NDG Book Review: ‘The Black Box’ is a thoughtful deep-dive

By Terri Schlichenmeyer

These days, everybody’s got a label maker.

The color of your skin? Punch out a label. The texture of your hair? Punch out a label. The way you walk, talk, or the things you like? No, you know who you are, no labels necessary. Still, as you’ll see in the new book “The Black Box” by Henry Louis Gates, Jr., there was a time when the issue wasn’t quite as clear.

Nearly ten years ago, when his granddaughter was born, Henry Louis Gates, Jr. asked his son-in-law about “the box.” The child, Gates, Jr. says, is “87.5 percent European” and looks white, but her parents checked a box on her birth certificate to indicate that she is “Black.”
“Such is the absurdity of the history of race and racial designations in the United States of America…” he says.

And it’s been that way since the beginning.

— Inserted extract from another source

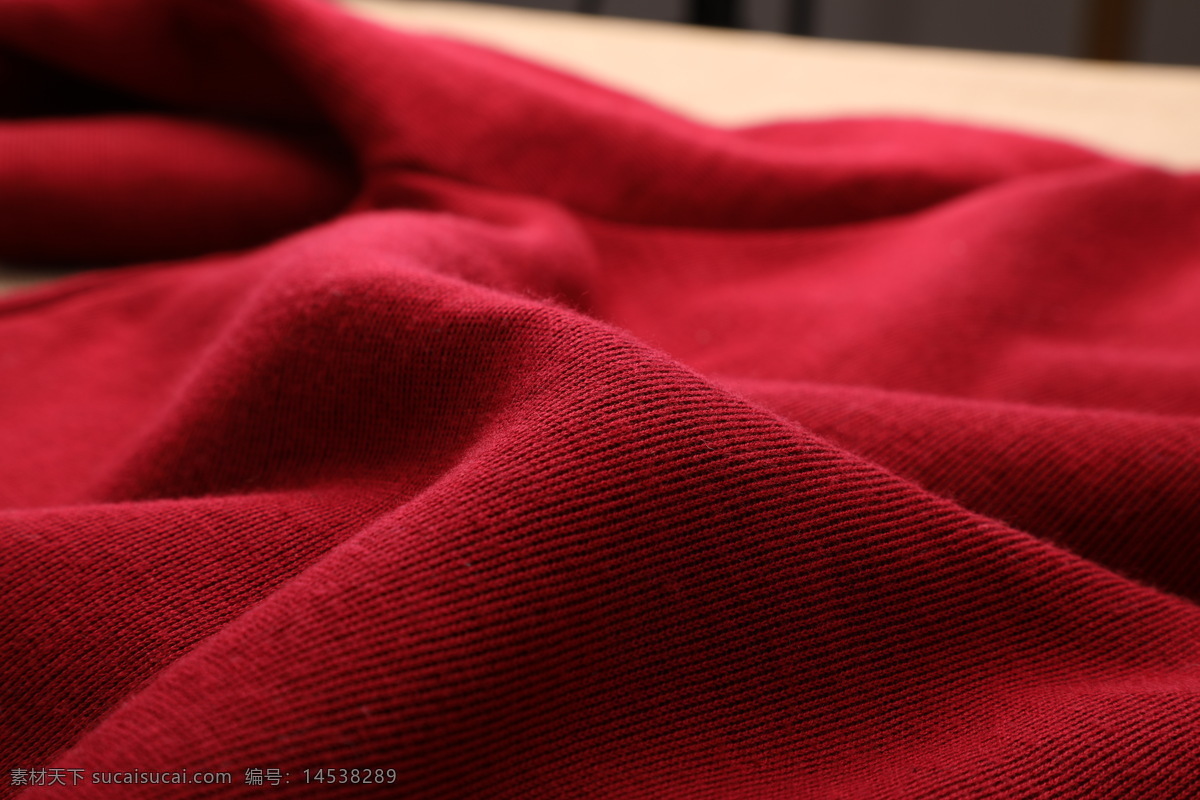 面料材质图片 红色 针织 编织 细节 材质 特写 面料 折褶 背景 衣服 生活百科 生活素材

Purchased by a Boston merchant upon her arrival in 1761, Phillis Wheatley was taught to read and later, she learned to write poetry. In 1772, her owners endeavored to publish a book of her words but most white people refused to believe that a Black person could write at all, let alone such moving poetry.

One of those white people was Thomas Jefferson, who believed that skin tone mattered in “character, intelligence, and culture.”

Says Gates, Jr., “Black people fought back…by creating their own genre of literature…” and more than a hundred of them wrote “book-length slave narratives.” Some even went on to lecture about ending slavery. Later, “Black intellectuals” wrote about and discussed the ideas of colonization and emigration. Others wondered publicly what to “call the race” – Black, Afro-American, Negroes, “colored,” or something else?

By the early 1900s, Gates, Jr. says, “art forms were classed” and Black culture had taken a turn toward “politics of disrespectability” that white people weren’t supposed to hear or see. This later led to hip-hop, and the works of Alice Walker, Toni Morrison, and “the pioneers of the Black women’s literary movement…”

Sit down with “The Black Box,” and you’re going to be there awhile. This isn’t, in other words, a meaningless novel that you’re going to forget in two weeks; no, it’s something that you’ll need time to digest, that’ll make you think, and that you’ll want to discuss.

With a quick reminder of how the struggle to read and write began with the denial of both, author Henry Louis Gates, Jr. takes readers on a journey to show how the written word was crucial in the resistance to slavery and the formation of culture. This leads to a fascinating discovery of how Black community historically diverged from white America, especially in the Victorian Age, and how identity figured into it. Readers will also delight in seeing how quietly-created (and quietly public) early-twentieth-century language and writing created today’s various genres in literature and music.

“The Black Box” takes a deep dive into its subject, so be prepared to ponder. Casual truly doesn’t describe it; in fact, involved would be a more proper label.